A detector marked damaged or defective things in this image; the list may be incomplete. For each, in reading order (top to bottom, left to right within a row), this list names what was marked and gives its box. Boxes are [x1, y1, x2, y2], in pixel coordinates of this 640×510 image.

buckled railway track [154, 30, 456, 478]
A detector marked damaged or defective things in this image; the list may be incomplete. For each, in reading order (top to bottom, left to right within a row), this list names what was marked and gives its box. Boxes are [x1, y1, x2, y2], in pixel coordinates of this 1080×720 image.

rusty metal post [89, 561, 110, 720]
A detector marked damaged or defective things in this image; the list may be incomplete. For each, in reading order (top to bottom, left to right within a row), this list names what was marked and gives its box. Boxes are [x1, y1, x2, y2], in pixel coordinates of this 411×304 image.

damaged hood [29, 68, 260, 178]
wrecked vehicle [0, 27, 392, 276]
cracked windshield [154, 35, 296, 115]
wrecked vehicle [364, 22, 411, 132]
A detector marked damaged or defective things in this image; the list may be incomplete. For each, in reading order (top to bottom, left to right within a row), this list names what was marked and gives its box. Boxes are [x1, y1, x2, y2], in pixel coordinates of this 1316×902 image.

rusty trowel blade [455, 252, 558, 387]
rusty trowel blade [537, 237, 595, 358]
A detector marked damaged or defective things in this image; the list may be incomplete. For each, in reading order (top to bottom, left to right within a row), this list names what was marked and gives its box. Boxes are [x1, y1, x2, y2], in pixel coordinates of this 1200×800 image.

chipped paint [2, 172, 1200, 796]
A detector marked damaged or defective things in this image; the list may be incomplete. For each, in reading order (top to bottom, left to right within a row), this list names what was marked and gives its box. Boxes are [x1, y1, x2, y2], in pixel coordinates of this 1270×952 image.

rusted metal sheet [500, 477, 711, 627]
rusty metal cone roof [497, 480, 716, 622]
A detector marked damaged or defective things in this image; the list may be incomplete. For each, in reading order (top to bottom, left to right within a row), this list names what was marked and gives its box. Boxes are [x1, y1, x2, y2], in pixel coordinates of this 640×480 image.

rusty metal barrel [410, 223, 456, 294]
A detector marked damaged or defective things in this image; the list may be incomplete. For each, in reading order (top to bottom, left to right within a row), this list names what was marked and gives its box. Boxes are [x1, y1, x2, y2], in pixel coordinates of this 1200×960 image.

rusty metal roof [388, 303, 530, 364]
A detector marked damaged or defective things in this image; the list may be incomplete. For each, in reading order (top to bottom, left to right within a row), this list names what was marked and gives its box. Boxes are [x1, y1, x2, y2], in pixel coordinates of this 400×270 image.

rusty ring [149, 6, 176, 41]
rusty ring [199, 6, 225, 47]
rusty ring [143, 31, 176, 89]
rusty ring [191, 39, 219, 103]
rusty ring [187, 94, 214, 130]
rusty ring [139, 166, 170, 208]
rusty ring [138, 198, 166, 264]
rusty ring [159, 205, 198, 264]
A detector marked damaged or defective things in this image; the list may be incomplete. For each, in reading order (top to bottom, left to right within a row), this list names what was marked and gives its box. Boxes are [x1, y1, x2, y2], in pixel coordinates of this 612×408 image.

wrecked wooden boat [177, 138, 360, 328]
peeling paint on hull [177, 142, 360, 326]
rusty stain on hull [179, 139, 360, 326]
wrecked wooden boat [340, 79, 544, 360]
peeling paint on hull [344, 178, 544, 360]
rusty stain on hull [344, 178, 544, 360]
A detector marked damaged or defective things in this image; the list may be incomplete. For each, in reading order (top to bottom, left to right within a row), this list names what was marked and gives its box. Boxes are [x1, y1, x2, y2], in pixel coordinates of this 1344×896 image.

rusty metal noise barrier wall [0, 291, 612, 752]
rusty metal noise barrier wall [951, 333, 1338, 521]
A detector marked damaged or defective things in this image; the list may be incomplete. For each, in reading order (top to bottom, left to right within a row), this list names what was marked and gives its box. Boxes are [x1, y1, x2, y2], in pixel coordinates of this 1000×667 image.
■ ■ ■ ■ ■ ■ ■
_About this exercise_. Repeat the entries exactly, all of them.

_Expected answer_.
A detector marked damaged or defective things in this image; the list may be incomplete. For each, in reading order (top to bottom, left to right within a row), this list names what was marked and gives its box. Boxes are [x1, y1, x2, y2], in pixel coordinates of this 640×510 image.

buckled railway track [154, 30, 456, 478]
A detector marked damaged or defective things in this image; the list may be incomplete. For each, in reading order (top to bottom, left to right within a row), this list names what was marked and gives its box. Boxes are [x1, y1, x2, y2], in pixel coordinates of this 1080×720 image.

rusty metal post [89, 561, 110, 720]
A detector marked damaged or defective things in this image; the list may be incomplete. For each, in reading order (top to bottom, left to right within a row), this list names what was marked and gives its box. Boxes are [x1, y1, x2, y2], in pixel coordinates of this 411×304 image.

damaged hood [29, 68, 260, 178]
wrecked vehicle [0, 27, 392, 276]
cracked windshield [154, 35, 296, 115]
wrecked vehicle [364, 22, 411, 132]
A detector marked damaged or defective things in this image; the list may be incomplete. For each, in reading order (top to bottom, left to right within a row), this list names what was marked and gives its box. Boxes are [x1, y1, x2, y2], in pixel coordinates of this 1316×902 image.

rusty trowel blade [455, 252, 558, 387]
rusty trowel blade [537, 237, 595, 358]
A detector marked damaged or defective things in this image; the list may be incomplete. For each, in reading order (top to bottom, left to right within a row), this list names what was marked and gives its box. Boxes are [x1, y1, x2, y2], in pixel coordinates of this 1200×800 image.

chipped paint [2, 172, 1200, 796]
A detector marked damaged or defective things in this image; the list may be incomplete. For each, in reading order (top to bottom, left to right within a row), this list names what was marked and gives its box. Boxes are [x1, y1, x2, y2], in pixel coordinates of this 1270×952 image.

rusted metal sheet [500, 477, 711, 627]
rusty metal cone roof [497, 480, 716, 622]
A detector marked damaged or defective things in this image; the list may be incomplete. For each, in reading order (top to bottom, left to right within a row), this list names what was marked and gives its box. Boxes are [x1, y1, x2, y2], in pixel coordinates of this 640×480 image.

rusty metal barrel [410, 223, 456, 294]
A detector marked damaged or defective things in this image; the list may be incomplete. For each, in reading order (top to bottom, left to right within a row), this list names what was marked and gives its box. Boxes are [x1, y1, x2, y2], in pixel coordinates of this 1200×960 image.

rusty metal roof [388, 303, 530, 364]
A detector marked damaged or defective things in this image; the list may be incomplete. For each, in reading order (top to bottom, left to right within a row), this list names what was marked and gives its box. Boxes are [x1, y1, x2, y2], in pixel coordinates of this 400×270 image.

rusty ring [149, 6, 176, 41]
rusty ring [199, 6, 225, 47]
rusty ring [143, 31, 176, 89]
rusty ring [191, 39, 219, 103]
rusty ring [187, 94, 214, 130]
rusty ring [139, 166, 170, 208]
rusty ring [138, 198, 166, 264]
rusty ring [159, 205, 198, 264]
A detector marked damaged or defective things in this image; the list may be incomplete. For each, in reading order (top to bottom, left to right within a row), this list names what was marked and gives its box. Boxes are [x1, y1, x2, y2], in pixel coordinates of this 612×408 image.

wrecked wooden boat [177, 138, 360, 328]
peeling paint on hull [177, 142, 360, 326]
rusty stain on hull [179, 139, 360, 326]
wrecked wooden boat [340, 79, 544, 360]
peeling paint on hull [344, 178, 544, 360]
rusty stain on hull [344, 178, 544, 360]
A detector marked damaged or defective things in this image; the list may be incomplete. For each, in reading order (top to bottom, left to right within a row), this list names what was marked and gives its box. Boxes are [x1, y1, x2, y2], in pixel coordinates of this 1344×896 image.

rusty metal noise barrier wall [0, 291, 612, 752]
rusty metal noise barrier wall [951, 333, 1338, 521]
A detector marked damaged or defective things in this image; the list may be incomplete. For each, in reading order (top to bottom, left to right within a row), this list names what was marked and gives its box. Boxes are [x1, y1, x2, y2], in pixel coordinates of this 1000×667 image.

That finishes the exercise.